When we started signing up Sophia for t-ball years ago, Chris' mom suggested that we join the swim team instead. She pointed out that all four of our kids could practice at the same time at the same location, and attend all of the same meets. We wouldn't be splitting our time between different ball fields. Hot ball fields. With no shade. And, she said the swim parents were always super supportive cheering on all the kids - even the slowest ones.
We didn't listen. At first. Mainly because Sophia wasn't ready to join the swim team yet. So we sat at the hot, dry ball fields for two years watching her play t-ball. I'm not going to lie when I say t-ball is painfully boring to me. On our third year, Sophia had moved up to coach pitch and Anna was playing t-ball. We spent 4 nights a week at different ball fields. A lot of times their games overlapped and some of Sophia's games were out of town, so we never seemed to be together as a family. Honestly, Sophia just wasn't any good at hitting coach pitch and the parents/coaches from other teams were scary. Really scary. I was not prepared for the aggressiveness of softball and left every game pretty fired up about that. I was one of those parents who just wanted the kids to do their best and have fun. By our fourth year, we got a little smarter. But only a little. Sophia joined the swim team, but Anna was still playing t-ball. Again, Chris and I were always heading in different directions trying to get each girl to a different spot. Not fun for anyone.
But then, year five came along and we finally got smart. We finally put both girls on the swim team and only the swim team. They both went to the same practices and meets all summer long. NICE! And, yes, Chris' mom was right. The swim parents are pretty awesome. They cheer for all the kids. The fast ones, the average ones, and especially the slow ones. Even the parents and timers from other teams sometimes cheered for our kids. Don't get me wrong, we all want our kids and our team to win, but I don't think there was ever a single child who left there feeling unsupported. And, in case you're wondering it is cooler by the pool than by the shadeless ball fields.

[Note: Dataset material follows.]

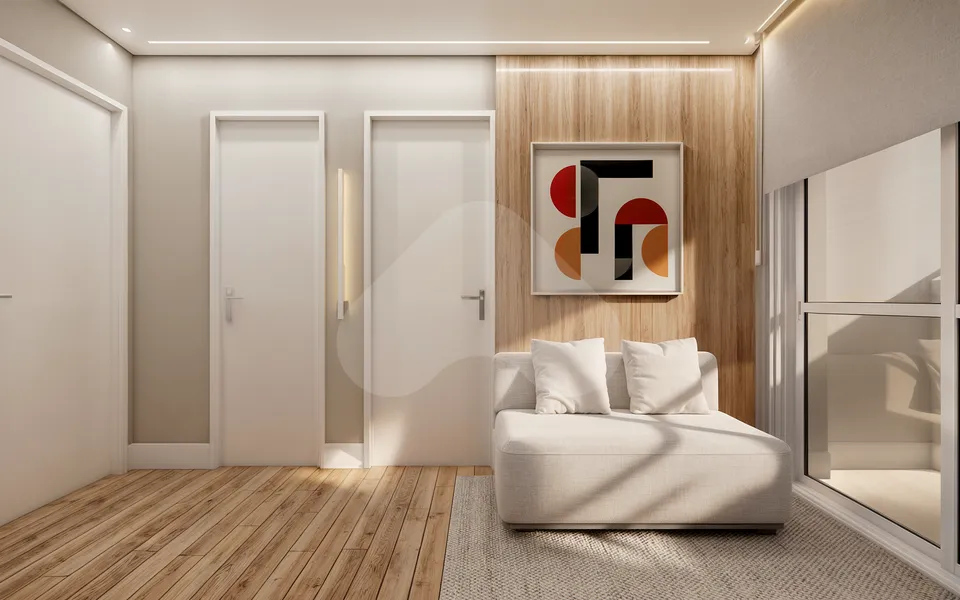 Residencial Nakasone - Itaquera - Apartamento com 35,7 m², em Itaquera — foto 4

Last weekend at our league meet there was a freak accident. Somehow, after a gust of wind a large tree crashed down on several shade tents where swimmers and their families were sitting about 100 feet away from us. It was scary. And there were injuries. Severe ones. Like, get the chainsaws out to free people. Take head counts of your team. Clear the way for emergency vehicles. Broken necks, ankles, and damaged vertebrae. Scary. But the people all rushed to help. To do what they could. To take care of not only their own team members, but complete strangers. Comforting scared children. Praying together. Doing whatever they could. Because these teams become like families each summer.